Guard an outbound HTTP request

The Http::ssrf() macro validates the URL, pins the connection, and disables redirects — then it's the normal Laravel HTTP client:

use Illuminate\Support\Facades\Http;

$response = Http::ssrf($endpoint)
    ->withHeaders(['X-Signature' => $signature])
    ->post($endpoint, $payload);

If $endpoint is unsafe, the macro throws Cbox\Ssrf\Exceptions\BlockedUrl before any request is made.

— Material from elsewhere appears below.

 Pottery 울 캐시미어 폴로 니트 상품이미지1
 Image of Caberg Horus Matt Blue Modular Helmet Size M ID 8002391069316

Catch it to turn it into a domain error:

use Cbox\Ssrf\Exceptions\BlockedUrl;

try {
    Http::ssrf($endpoint)->post($endpoint, $payload);
} catch (BlockedUrl $e) {
    // Log it; do not echo $e->getMessage() to an untrusted caller — it confirms
    // internal reachability.
    report($e);
}

Validate a user-supplied URL

Reject an unsafe URL at the edge, before you ever store it:

use Cbox\Ssrf\Rules\PublicUrl;

$data = $request->validate([
    'webhook_url' => ['required', 'url', new PublicUrl],
]);

That's it

Everything else — custom clients, browser-redirect validation, tuning the policy — builds on app(Cbox\Ssrf\Contracts\UrlGuard::class). See the Cookbook.